The attackers came to the Imam and asked him to surrender those that were Christians he was hiding but he lied to them that no Christian was in his home. This singular act saved 262 Christians from being killed in the attack. Over 100 persons, including children, were killed by the suspected herdsmen.
“I first took the women to my personal house to hide them. Then I took the men to the mosque,” the imam told BBC Pidgin. He began to plead with the herdsmen, who were threatening to burn down the mosque and his house. He then prostrated himself on the floor in front of the armed men. Along with some others in the Muslim community, he began to cry and wail, asking them to leave.
And to their amazement the herdsmen did go – but then set two nearby churches on fire.
The imam later told the BBC that he wanted to help because more than 40 years ago, the Christians in the area had allowed the Muslims to build the mosque.
They had freely given over the land to the Muslim community, he said.
“Since we have been living together with the Beroms, we have not experienced an ugly incident like the attack on Saturday,” another Muslim leader told the BBC.

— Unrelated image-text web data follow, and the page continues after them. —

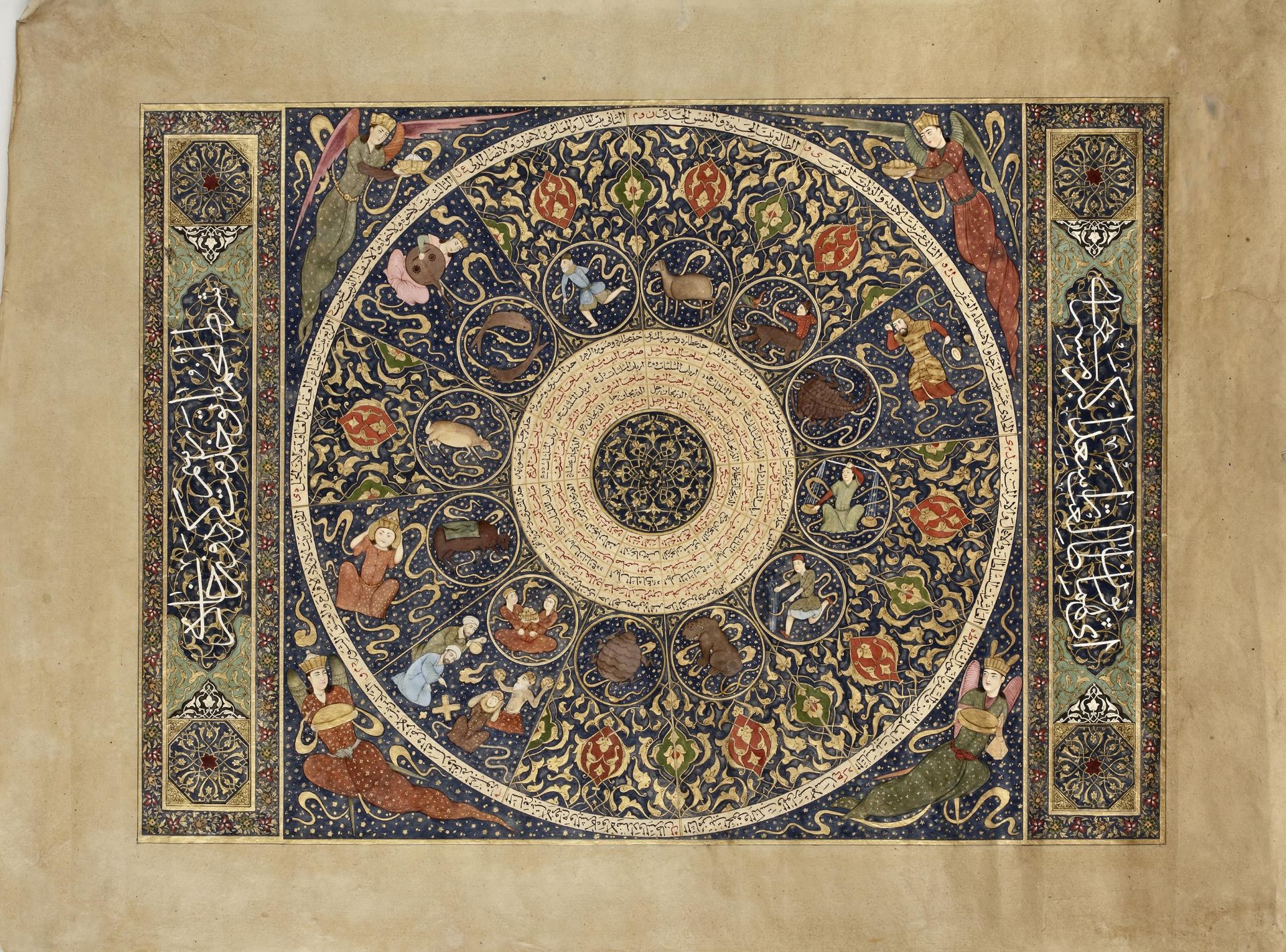 A HOROSCOPE OF ISKANDAR SULTAN, PERSIA SAFAVID, 17TH CENTURY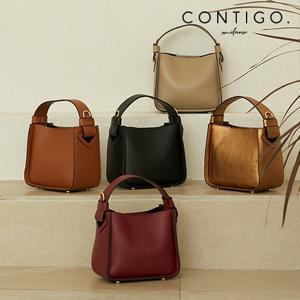 (MADE IN ITALY) [콘티고] 이태리 소가죽 레더 브이백(V-bag) 줄리아백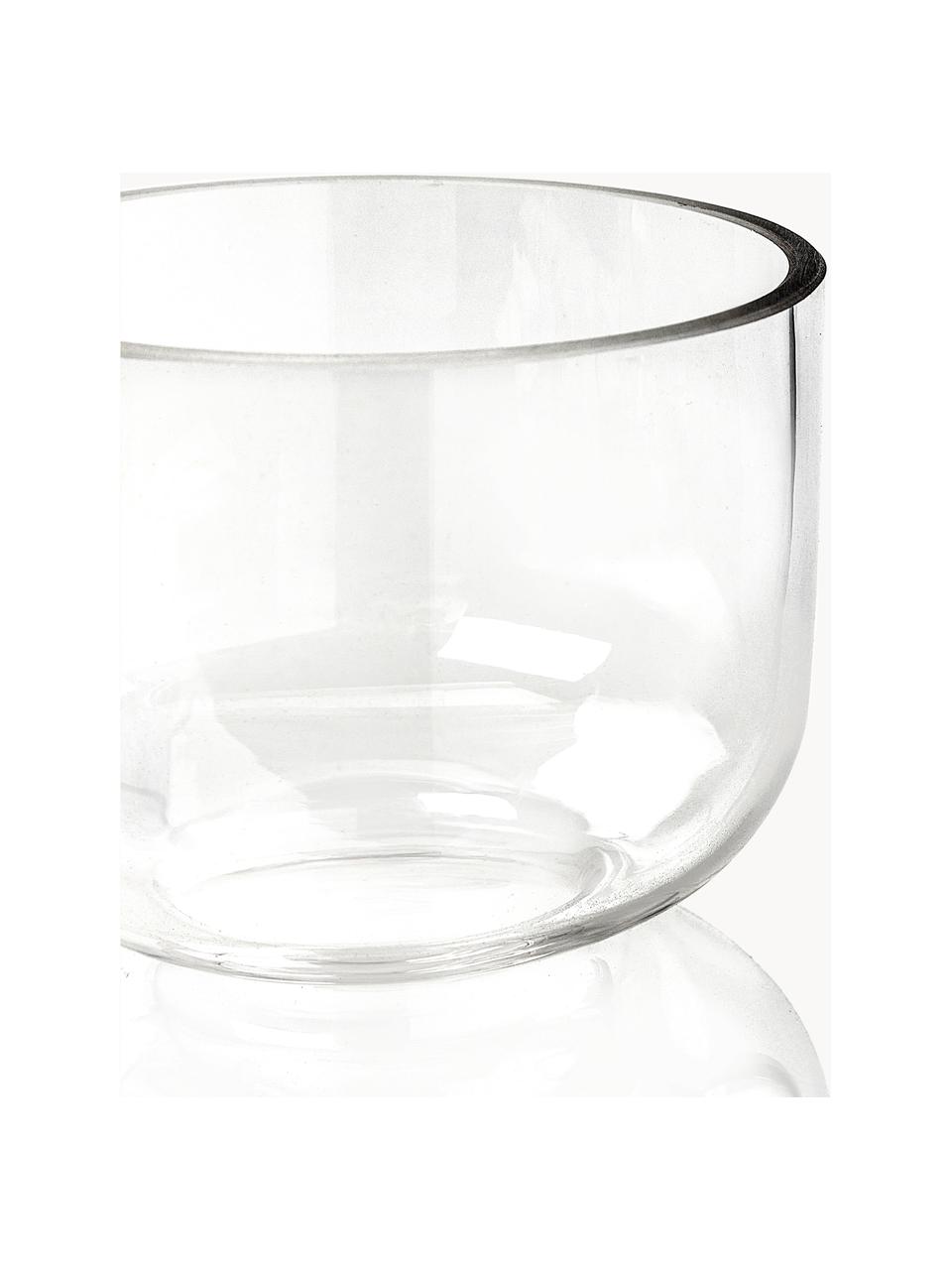 Mondgeblazen vaas Clea van glas, Glas, Transparant, Ø 19 x H 37 cm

Those whose lives were saved by the imam expressed their gratitude and relief. “Ever since they took us into the mosque, not once did they ask us to leave, not even for them to pray,” said the local chief. “They provided dinner and lunch for us and we are grateful.”

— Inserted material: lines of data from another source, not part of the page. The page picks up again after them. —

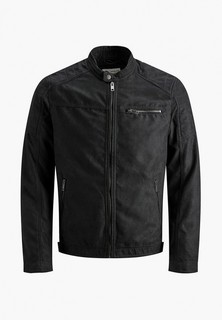 Куртка кожаная Jack & Jones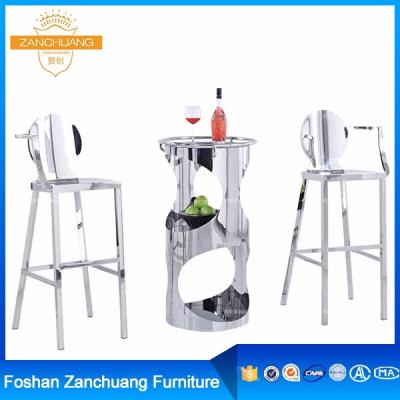 China New Design Bar Furniture Stainless Steel Environment Friendly Height Counter Folding Walmart Bar Stools for sale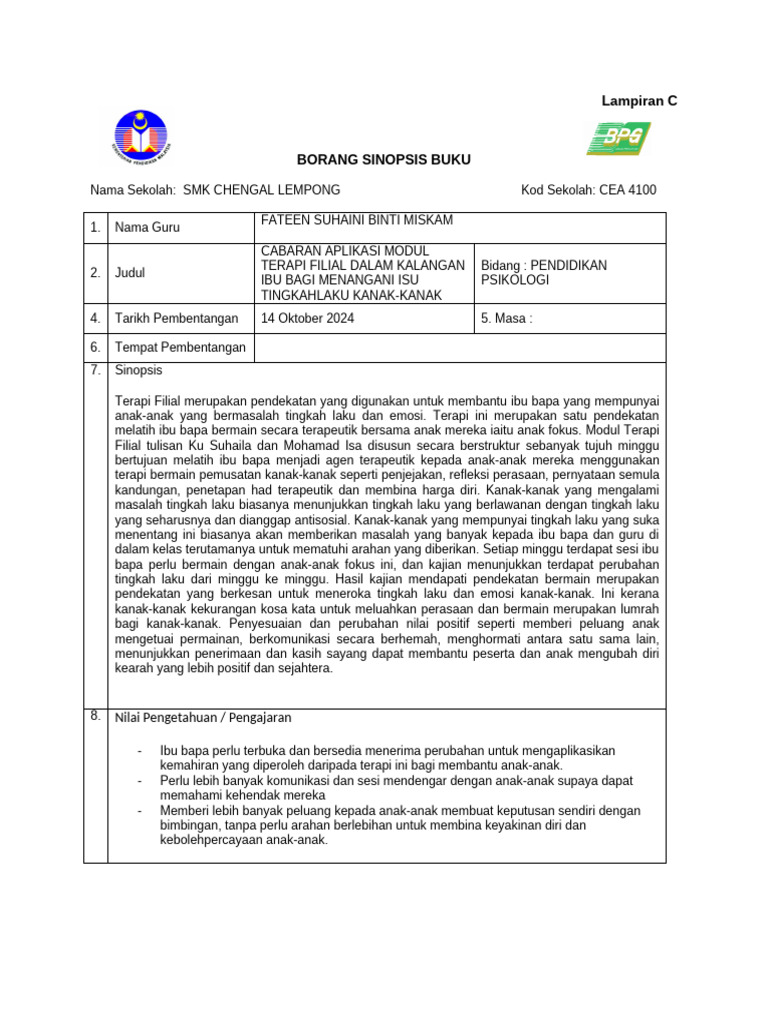 Terapi Filial untuk Tingkah Laku Kanak-Kanak | PDF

The villagers stayed with the imam for five days – and have since moved to a camp for displaced people. More than 2,000 people are now living there, and others are living with relatives and friends. Those who fled to the mosque cannot return to their village, as there is no security presence there and their homes have been destroyed.
One local Fulani leader told the BBC: “A number of the Fulanis who carried out this attack are foreigners. “When we try to stop them at the mosque, some of them beat up one of the elders.” When I visited the village it was completely deserted.
I saw a church that had been attacked – all the chairs had been broken and the pastor’s house set alight. He died in the fire. The authorities say five rural communities were targeted last Saturday – in an operation that lasted more than five hours. But locals dispute the official figures, saying 11 communities were attacked. “They killed four of my children,” a 70-year-old man told the BBC, in tears. “And now I do not have anyone to give me food”.
The attackers first looted the houses and shops before setting them ablaze. Not even their livestock were spared.
Witnesses say the attackers chanted “Allahu Akbar” as they raided the buildings.